Dataset content>
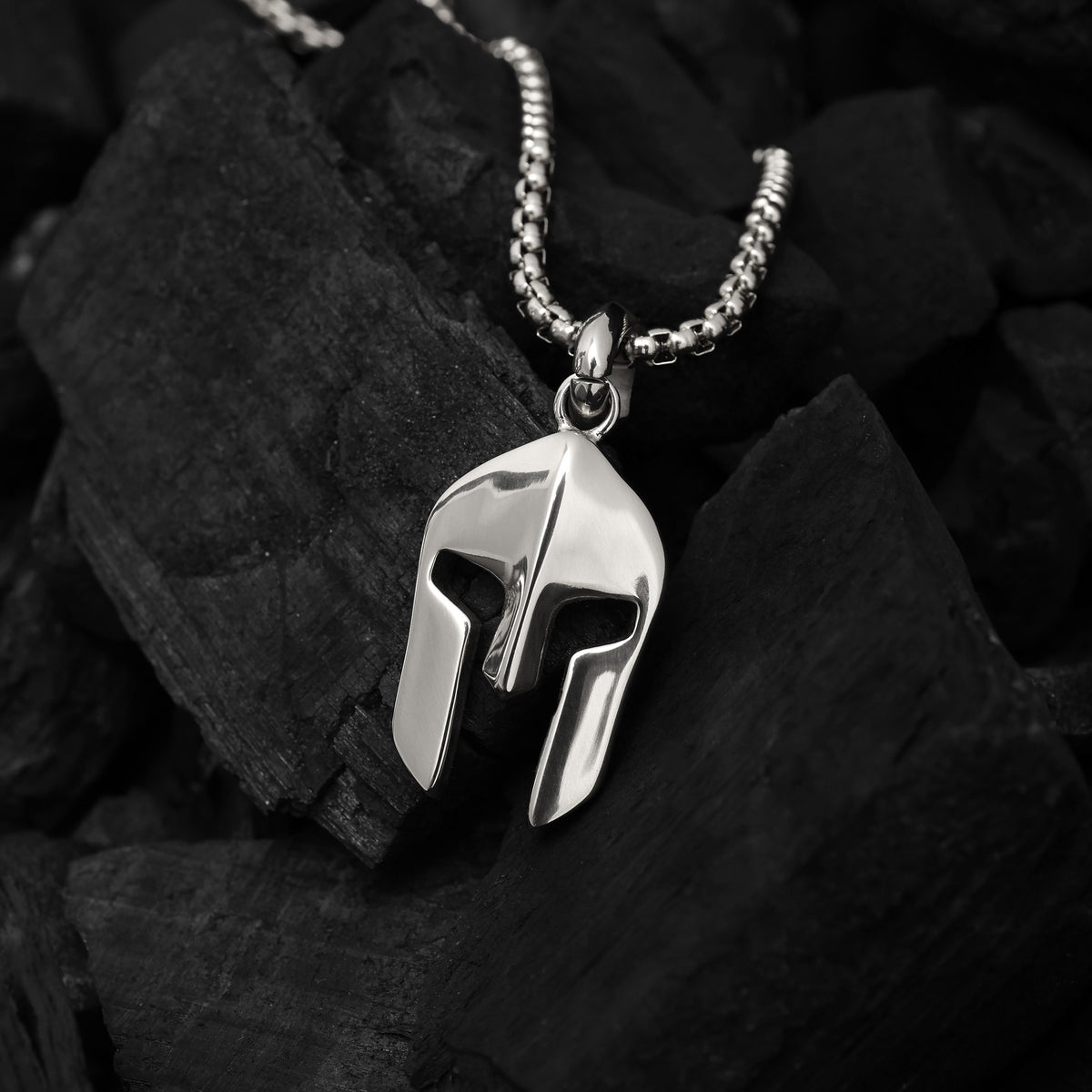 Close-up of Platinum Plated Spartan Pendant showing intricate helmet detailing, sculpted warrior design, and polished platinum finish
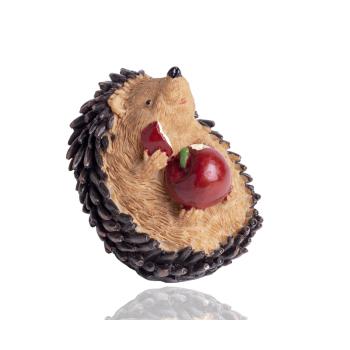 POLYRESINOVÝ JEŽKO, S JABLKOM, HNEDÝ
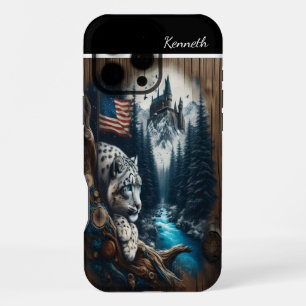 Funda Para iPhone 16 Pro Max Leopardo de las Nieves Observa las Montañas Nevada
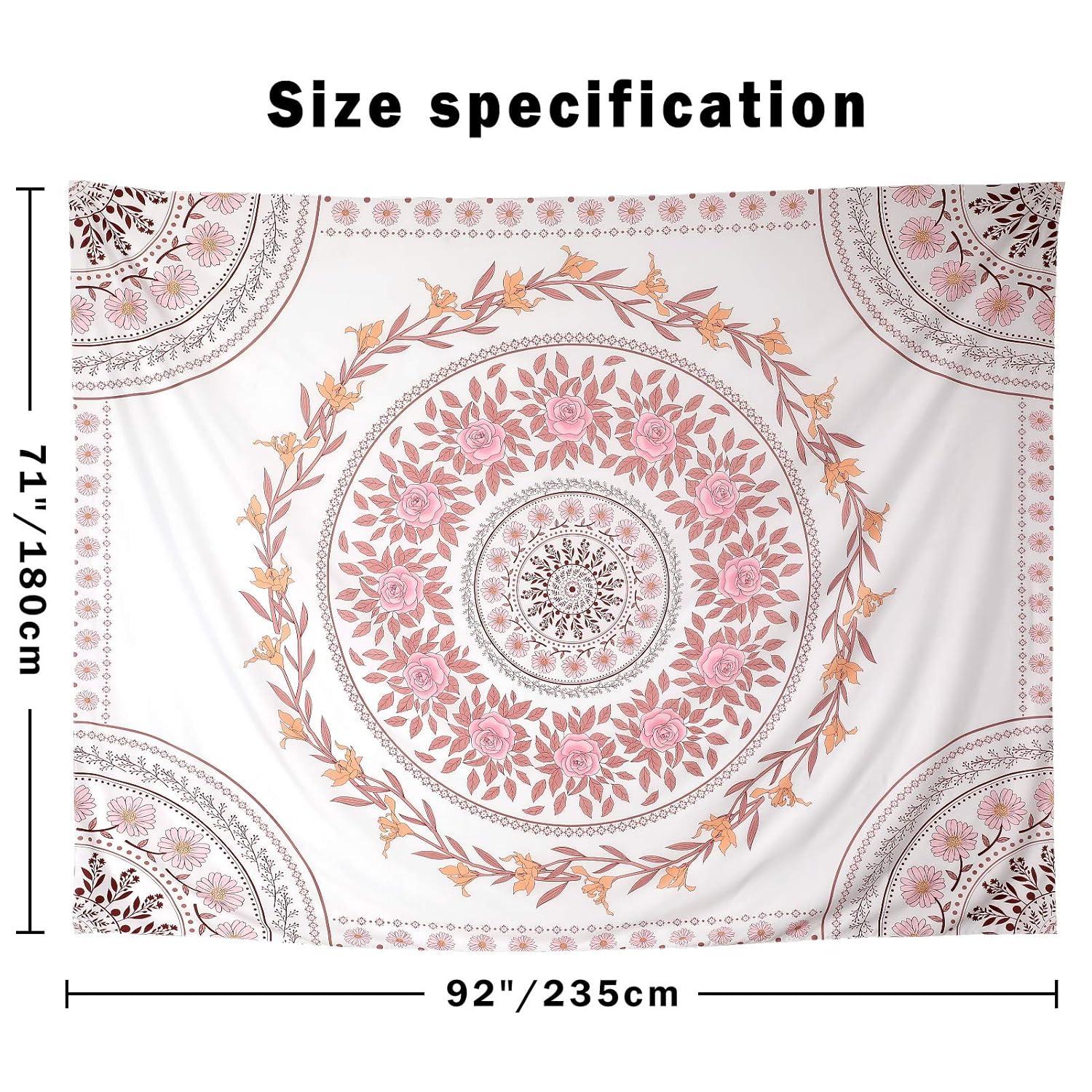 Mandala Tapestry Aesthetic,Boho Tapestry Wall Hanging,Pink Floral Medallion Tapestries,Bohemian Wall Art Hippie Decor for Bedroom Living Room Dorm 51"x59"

Work instruction>
Would you set down each line of the data exactly, with no images included?

Your solution>
 Close-up of Platinum Plated Spartan Pendant showing intricate helmet detailing, sculpted warrior design, and polished platinum finish
 POLYRESINOVÝ JEŽKO, S JABLKOM, HNEDÝ
 Funda Para iPhone 16 Pro Max Leopardo de las Nieves Observa las Montañas Nevada
 Mandala Tapestry Aesthetic,Boho Tapestry Wall Hanging,Pink Floral Medallion Tapestries,Bohemian Wall Art Hippie Decor for Bedroom Living Room Dorm 51"x59"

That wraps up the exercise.